Was wir zu wollen geglaubt haben, war vielleicht zu sehr in die alte Wirklichkeit eingebettet und zu sehr mit ihr verbunden, und diese Wirklichkeit wird sehr bald schwinden. Es [das Unvermögen] wäre nicht zu unserer Unterstützung da, wenn wir uns dieses Mal vorwärts bewegt hätten. Und zusätzlich stammte dieser „Traum“ vielleicht [noch] aus einem niedriger schwingenden Geist oder einer niedriger schwingenden Vorstellung. Unsere Vorstellungen und unser Geist sind nämlich gerade eine Stufe nach oben gestiegen. Die Dinge werden sich langsam einrenken und wir können uns [dann] wieder vorwärts bewegen (um die Sonnenfinsternis vom 11. September und die Zeit der Tag-und-Nacht-Gleiche herum), aber wir werden auf gänzlich andere Art vorwärts gehen, vielleicht auf eine vollständig neue Art, die zu unserer neuen und höheren Schwingung besser paßt.

Es wartet jetzt ein Schritt nach oben auf uns. Diese Stufe oder „Traum“ ist sogar noch höher als unsere spirituelle Arbeit auf dem Planeten. Wie kann irgendetwas höher als unsere spirituelle Arbeit schwingen? Es mag sich seltsam anhören, aber es ist jetzt im Vordergrund, den Himmel zu erschaffen. Also dann, dieser nächste Schritt beinhaltet es, in unserem Himmel zu leben. Dieser Traum bedeutet, in unserer eigenen speziellen Version oder Illusion vom Himmel zu leben. Dieser Traum dreht sich um unsere Freuden, um ein Leben der Muße, das Erfüllen unserer Bedürfnisse, um Wohlfühlen und Lieben, und in einer Wirklichkeit zu leben, die nach dem Übergang erschafft wird. Es ist eine Wirklichkeit ohne Anstrengung und ohne Bürden. Es ist die Wirklichkeit des Friedens, der sich auch im Außen manifestiert, nicht nur in unserem Inneren.

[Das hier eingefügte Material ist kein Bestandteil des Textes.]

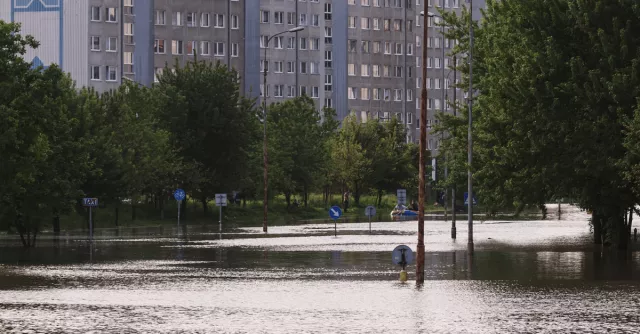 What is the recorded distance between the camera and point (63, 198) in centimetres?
5919

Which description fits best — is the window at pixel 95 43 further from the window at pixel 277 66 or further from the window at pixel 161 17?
the window at pixel 277 66

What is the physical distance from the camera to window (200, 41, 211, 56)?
159m

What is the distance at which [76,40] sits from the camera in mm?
144125

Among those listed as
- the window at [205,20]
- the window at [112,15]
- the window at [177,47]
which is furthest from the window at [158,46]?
the window at [205,20]

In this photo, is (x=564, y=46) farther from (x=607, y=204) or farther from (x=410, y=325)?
(x=410, y=325)

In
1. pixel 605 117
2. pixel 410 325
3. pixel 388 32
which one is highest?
pixel 388 32

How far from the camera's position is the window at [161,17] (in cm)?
15462

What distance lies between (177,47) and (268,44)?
14.1 metres

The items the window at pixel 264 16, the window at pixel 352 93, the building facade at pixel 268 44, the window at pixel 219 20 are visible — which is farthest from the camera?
the window at pixel 352 93

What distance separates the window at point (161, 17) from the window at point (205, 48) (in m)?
6.45

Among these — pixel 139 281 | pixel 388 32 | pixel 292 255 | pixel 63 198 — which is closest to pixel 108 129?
pixel 63 198

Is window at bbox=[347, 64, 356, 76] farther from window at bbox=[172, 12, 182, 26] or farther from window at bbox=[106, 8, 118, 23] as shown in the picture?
window at bbox=[106, 8, 118, 23]

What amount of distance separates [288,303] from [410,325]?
5.23 metres

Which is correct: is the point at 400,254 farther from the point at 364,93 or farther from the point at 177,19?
the point at 364,93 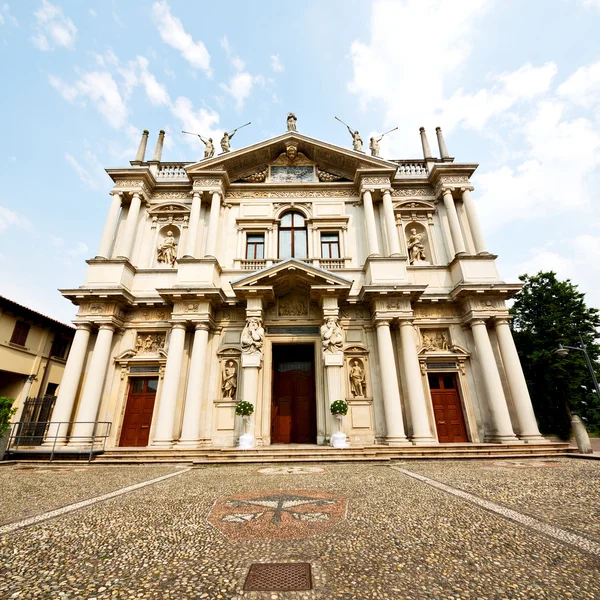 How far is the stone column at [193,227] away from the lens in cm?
1468

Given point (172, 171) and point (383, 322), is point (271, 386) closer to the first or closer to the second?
point (383, 322)

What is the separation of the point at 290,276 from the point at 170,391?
6.52m

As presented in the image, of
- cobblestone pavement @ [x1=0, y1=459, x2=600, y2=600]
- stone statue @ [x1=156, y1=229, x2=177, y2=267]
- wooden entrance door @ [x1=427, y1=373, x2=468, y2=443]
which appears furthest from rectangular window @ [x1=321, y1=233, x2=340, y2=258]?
cobblestone pavement @ [x1=0, y1=459, x2=600, y2=600]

Sage ich hier, dass wir vor unserer Verantwortung als Lichtarbeiter davon laufen und ich-bezogen werden sollen? Ist es notwendig, „das Schiff zu verlassen“ und zum Wohle unseres Himmels alles hinter uns zu lassen? Müssen wir Angst und Furcht empfinden, wenn Dinge anfangen, rasch zu zerfallen? Ich sage nein. Was ich aber sage ist, dass wir uns in die nächste Phase der Wirklichkeit hinein entwickelt haben, und die paßt nicht mehr zur alten Phase. Es geht wirklich nicht darum, angsterfüllt herum zu rennen, sondern auf das zuzugehen, was sich für uns jetzt gut anfühlt. Wie um alles in der Welt integrieren wir das? Wie können wir unsere spirituelle Arbeit fortsetzen und gleichzeitig dem Pfad unserer jüngsten spirituellen Entwicklung folgen?

Wir können hinaus und hinein gehen. Wir können in unserem geographischen oder systematischen Raum (in dem einfache Systeme außerhalb der alten Wirklichkeit existieren) verbleiben, der soweit möglich den höheren Wegen am besten angepaßt ist. Dort erschaffen wir unseren Himmel. Wenn z.B. die USA schnell zusammenstürzen, können wir trotzdem dort ein energetische Tasche finden, die so weit wie möglich von der niederstürzenden Wirklichkeit entfernt ist. Oder wir können bis zum Ende der großen Veränderungsperiode eine zusätzliche Aufenthaltsgenehmigung in einem anderen Land haben, entweder permanent oder Teilzeit.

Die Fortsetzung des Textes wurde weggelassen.